The Gillard government will make a huge mistake if it follows through with plans to overturn freedom of information reforms and introduce an increase to the cost of applications.
The expected change comes less than 18 months after legislation abolished the $30 application fee for freedom of information requests (FoI) and reduced other charges.
McMillan recommends that agencies double some FoI charges after the public “inundated” the government with requests. Government agencies had spent $36 million administering the act.
He argues that the government needs to be able to recoup this cost and to stamp out those applicants who are trivialising the process by making hundreds of requests.
But wasn’t the whole point of the FoI reforms to increase access to government information? Reversing these reforms now would be a mistake.
Why do we have FoI?
Gaining information in the public interest was the underlying reason for the reforms that came into effect on November 1, 2010 and even before that.
It was fundamental to the original idea of FoI first mooted by Gough Whitlam when he was Prime Minister in the early 1970s.

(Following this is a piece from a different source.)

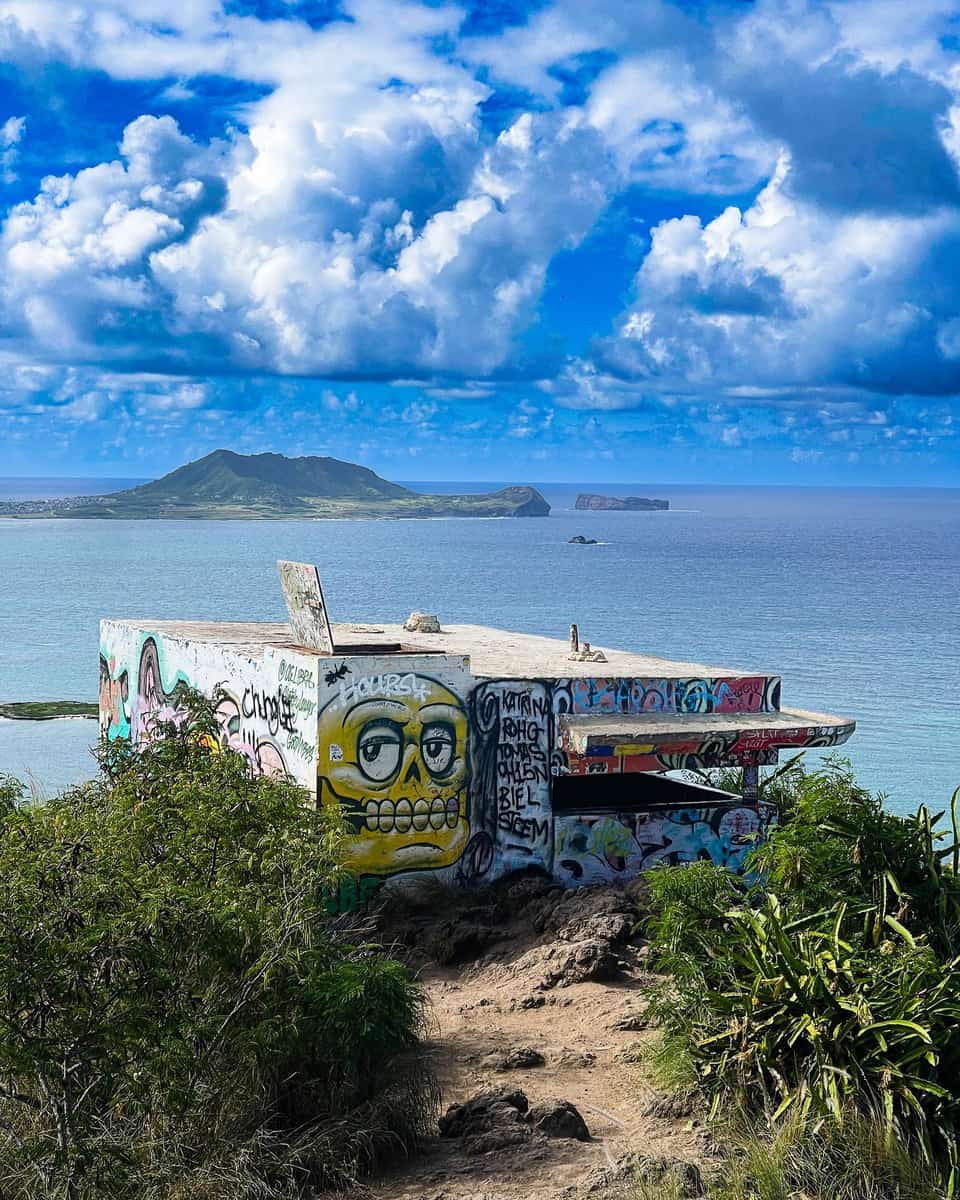 Lanikai Pillbox Trail, Honolulu Lanikai Pillbox Trail, Honolulu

FoI in Australia has always been a problem. Grafting a FoI Act on to a Westminster system of Government is not an ideal situation, and the experiment was failing until the 2010 changes were introduced.
But now that it is “working” more or less as intended the Government wants to change it again.
Professor McMillan told The Sydney Morning Herald in an interview in October 2010 that the introduction of the reforms would “transform government”, because they created a new emphasis on “pro-disclosure.”
So far this has been the case. Much more information held by government agencies has been released. The changes made it easier for applicants to request information.
But by reinstating fees, the reverse will start to happen and FoI will return to its former self.
What are the alternatives?
So what can be done instead?
A great example of reforming FoI would be to look at the Queensland model.
The Queensland attitude toward FoI has always been a “push model” whereby government information is “pushed” out, rather than the public having to “pull” it out.
As a result of the Solomon review, which saw the Queensland Government support (in full or in part) 139 of the 141 recommendations, Queensland has become the most open and accountable government in Australia.
As I stated in an article I wrote for the website Upstart, FoI requires strong leadership for change to work.
The attitude and culture of department heads and government ministers under the Bligh government was different – it embraced openness.
This does not seem to be the case at a Federal level – excuses are being created instead of looking at how best to manage the influx of FoI requests.
In saying that McMillan’s claim that certain groups are using FoI in a “regulatory battle with government” could well be true. In one example, an applicant made 700 requests to the Department of Climate Change in just five months.
There should be measures in place to deal with those that use FOI applications to cause trouble.
The example above would be the perfect candidate to be deemed a vexatious litigant.
But deeming people vexatious litigants also has its downside as it could wrongly place a legitimate requester in the wrong category – think the Seven Network’s FoI editor Michael McKinnon.
Far from perfect but…
FoI will never be perfect in Australia. It is a law that is fluid and needs to change with time and circumstance. Increasing fees will deter any slim chance it has of evolving into a law that works.
The Gillard Government needs to look at the three key questions underpinning this issue: what are we doing wrong when it comes to releasing information? How can we better inform the public through non-FoI means? And how can we change the culture and attitude of people in government toward FoI?
Increasing fees is not the answer to any of these.